“I train models, analyze data and create dashboards — why should I care about Containers?”
Many people who are new to the world of data science ask themselves this question. But imagine you have trained a model that runs perfectly on your laptop. However, error messages keep popping up in the cloud when others access it — for example because they are using different library versions.
This is where containers come into play: They allow us to make machine learning models, data pipelines and development environments stable, portable and scalable — regardless of where they are executed.
Let’s take a closer look.
Table of Contents
1 — Containers vs. Virtual Machines: Why containers are more flexible than VMs
2 — Containers & Data Science: Do I really need Containers?

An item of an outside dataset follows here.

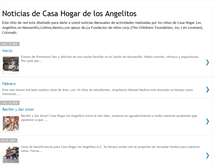 Tablet Screenshot of noticiasdecasahogar.blogspot.com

And 4 reasons why the answer is yes.
3 — First Practice, then Theory: Container creation even without much prior knowledge
4 — Your 101 Cheatsheet: The most important Docker commands & concepts at a glance
Final Thoughts: Key takeaways as a data scientist
Where Can You Continue Learning?
1 — Containers vs. Virtual Machines: Why containers are more flexible than VMs
Containers are lightweight, isolated environments. They contain applications with all their dependencies. They also share the kernel of the host operating system, making them fast, portable and resource-efficient.

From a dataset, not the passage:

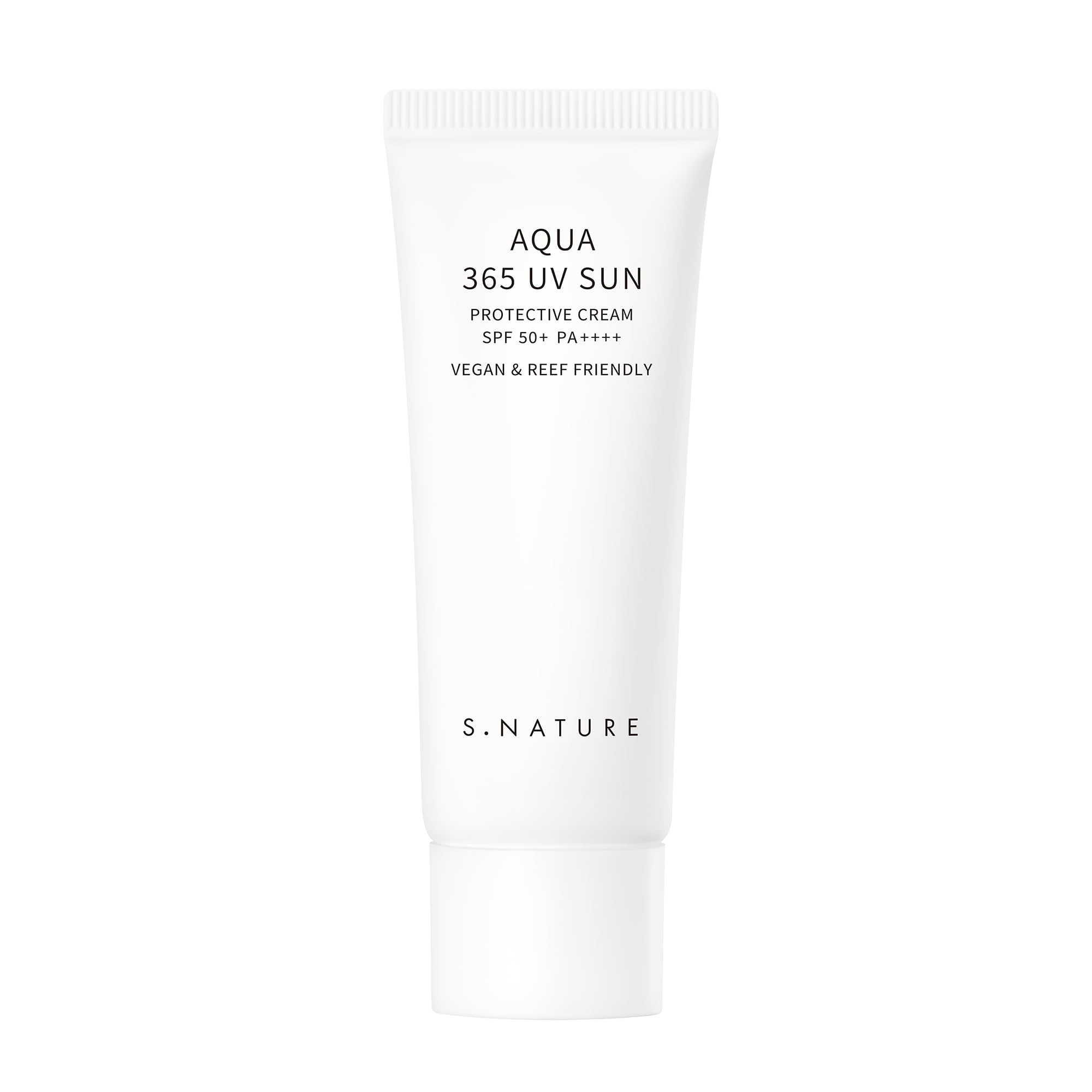 S.NATURE - Aqua 365 UV Sun Protective Cream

I have written extensively about virtual machines (VMs) and virtualization in ‘Virtualization & Containers for Data Science Newbiews’. But the most important thing is that VMs simulate complete computers and have their own operating system with their own kernel on a hypervisor. This means that they require more resources, but also offer greater isolation.
Both containers and VMs are virtualization technologies.
Both make it possible to run applications in an isolated environment.
But in the two descriptions, you can also see the 3 most important differences:
- Architecture: While each VM has its own operating system (OS) and runs on a hypervisor, containers share the kernel of the host operating system. However, containers still run in isolation from each other. A hypervisor is the software or firmware layer that manages VMs and abstracts the operating system of the VMs from the physical hardware. This makes it possible to run multiple VMs on a single physical server.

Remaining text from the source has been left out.